Medical Diseases: Various medical problems are associated with low bone density, such as rheumatoid arthritis, inflammatory bowel disease, celiac disease, cystic fibrosis, hyperthyroidism, diabetes, and kidney disease.
How Does Osteoporosis Get Diagnosed?
A special x-ray of the spine and hip called a DXA scan measures the amount of bone mineral density and is used to determine if someone has osteoporosis. All postmenopausal women age 65 or older should get routinely screened with a DXA scan. Some women younger than 65 years old with some of the previously mentioned risk factors may get screened earlier than age 65, however. If you are 65 years old or more, or if you are younger but have any of the above risk factors, you should consult your physician and discuss the need for getting screened.
How Do You Prevent Bone Loss?
It’s important to prevent bone loss now--there is no time like the present. You don’t want to wait until you’ve already been diagnosed with osteoporosis to start working on your bone health. Here are my three quick and dirty tips to help prevent bone loss:
Diet: Postmenopausal women all require about 1500 mg/day of calcium (in divided doses), in addition to 800 IU (International Units) of Vitamin D daily. So if you don’t consume enough dairy products, you’ll need to take some supplements to compensate for it. You should also limit your alcohol intake, and do not consume more than 1 or 2 drinks a day. Bone appétit!

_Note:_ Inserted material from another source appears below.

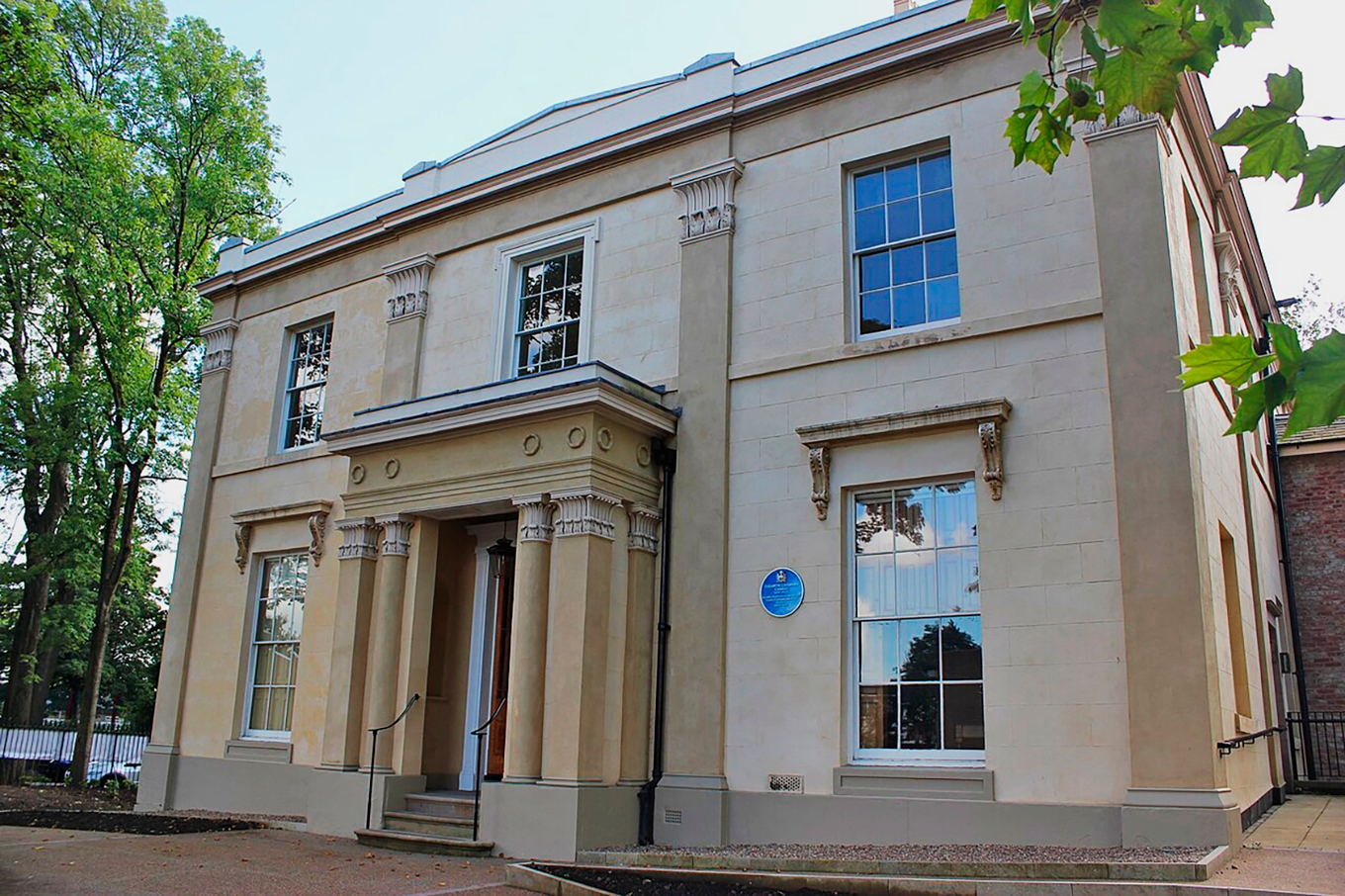Elizabeth Gaskells bostad  i Plymouth Grove i Manchester, den stad där hon tillbringade större delen av sitt liv. Foto: Patyo1994/Wikimedia Commons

Exercise: 30 minutes of exercise at least three times a week will help prevent bone loss in women. The exercise should preferably be weight-bearing, such as walking, running, or aerobics, in which you bear the weight of your body on your feet. And no, a walk around the mall does not constitute as exercise!
Smoking Cessation: You may not be able to change the fact that you are female, that you are thin-framed, or that you have a family history of osteoporosis. But there are certain factors you can change about yourself, and this is an important one to work on – quit smoking! No if’s, and’s, or bones about it!
How Do You Treat Osteoporosis?
Once you are diagnosed with osteoporosis, besides following the above advice on how to prevent further bone loss, your doctor may want to place you on medications to help prevent further loss as well. The medication that is prescribed most often for osteoporosis is in the group called the Bisphosphonates. This group of medicines help prevent further bone loss and reduce the risk of fractures. You may not gain the amount of bone you lost already, but it will help prevent even more bone loss occurring with the aging process.
Now that you know all about osteoporosis, let’s get cracking on preventing it!
Please note that all content here is strictly for informational purposes only. This content does not substitute any medical advice, and does not replace any medical judgment or reasoning by your own personal health provider. Please always seek a licensed physician in your area regarding all health related questions and issues.